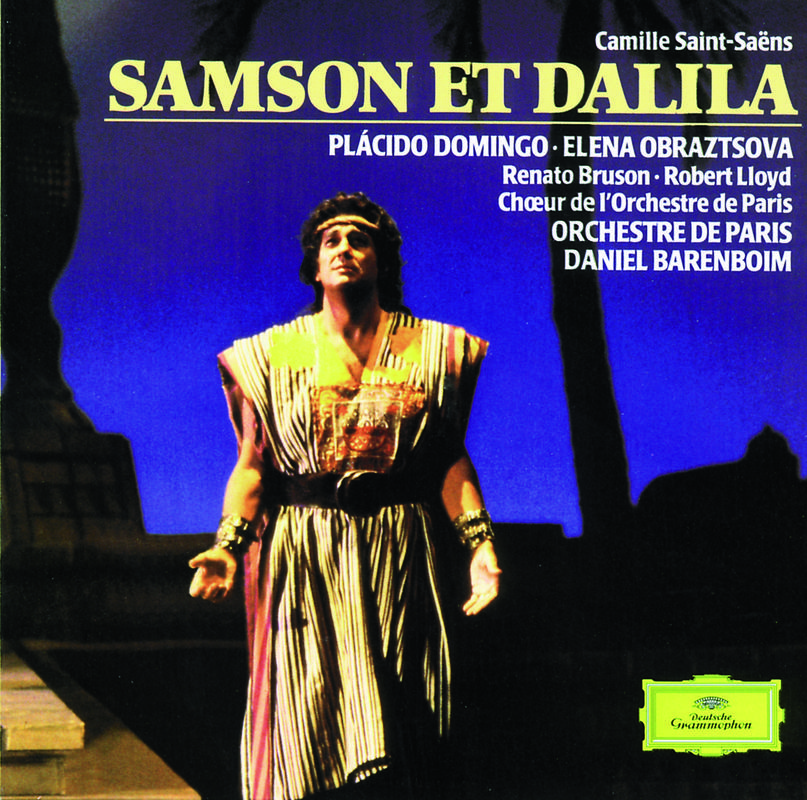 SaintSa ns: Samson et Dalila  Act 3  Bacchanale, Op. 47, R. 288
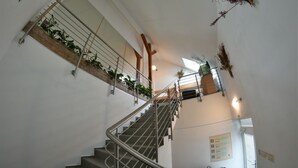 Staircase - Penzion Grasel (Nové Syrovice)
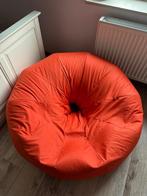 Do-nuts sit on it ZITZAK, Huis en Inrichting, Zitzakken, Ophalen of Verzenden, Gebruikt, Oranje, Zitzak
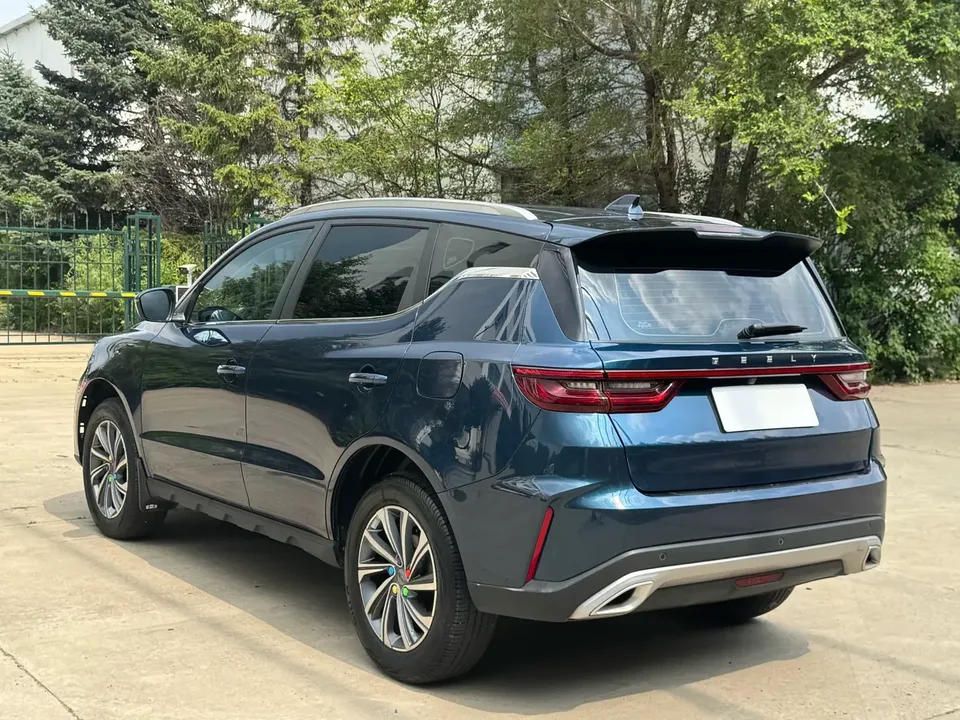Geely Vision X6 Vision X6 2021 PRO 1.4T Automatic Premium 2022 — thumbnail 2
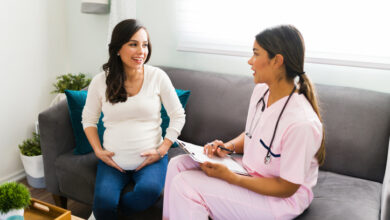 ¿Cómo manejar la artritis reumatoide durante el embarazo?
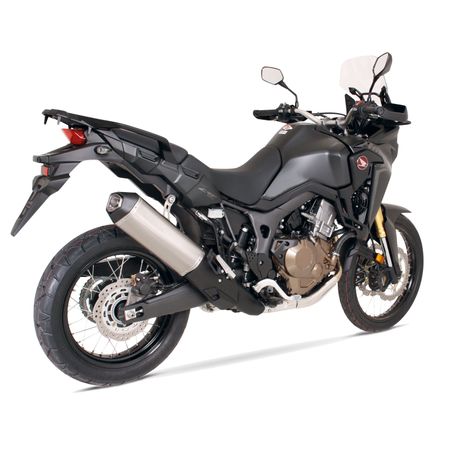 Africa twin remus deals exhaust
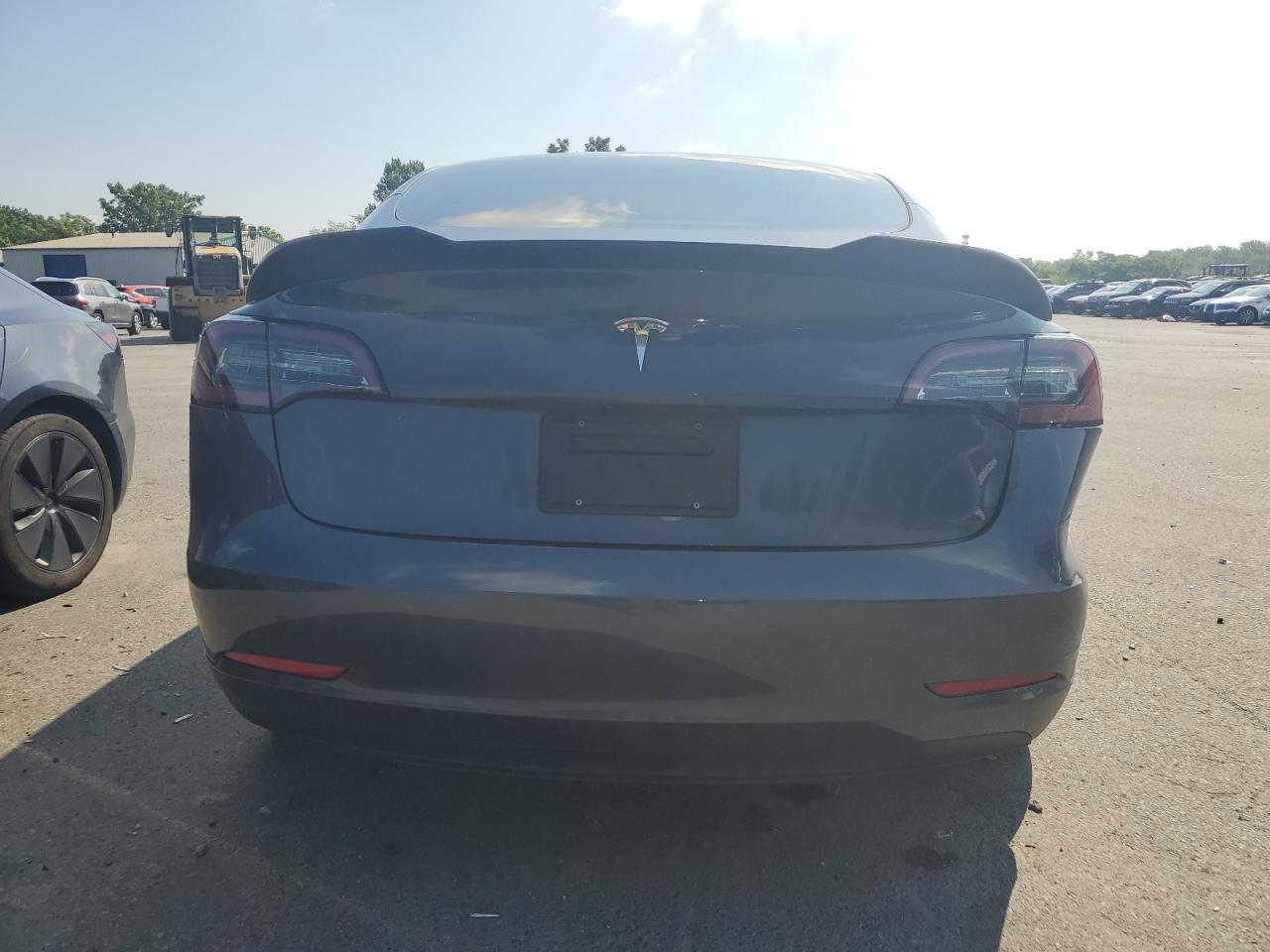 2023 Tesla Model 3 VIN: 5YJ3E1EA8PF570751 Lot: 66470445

◆ ◆ ◆

## Task item
Pictures are to be omitted from the copy, and only the lines from the one containing "Staircase - Penzion Grasel (Nové Syrovice)" through the final line of the listing above are to be written out exactly.

## Written answer
 Staircase - Penzion Grasel (Nové Syrovice)
 Do-nuts sit on it ZITZAK, Huis en Inrichting, Zitzakken, Ophalen of Verzenden, Gebruikt, Oranje, Zitzak
Geely Vision X6 Vision X6 2021 PRO 1.4T Automatic Premium 2022 — thumbnail 2
 ¿Cómo manejar la artritis reumatoide durante el embarazo?
 Africa twin remus deals exhaust
 2023 Tesla Model 3 VIN: 5YJ3E1EA8PF570751 Lot: 66470445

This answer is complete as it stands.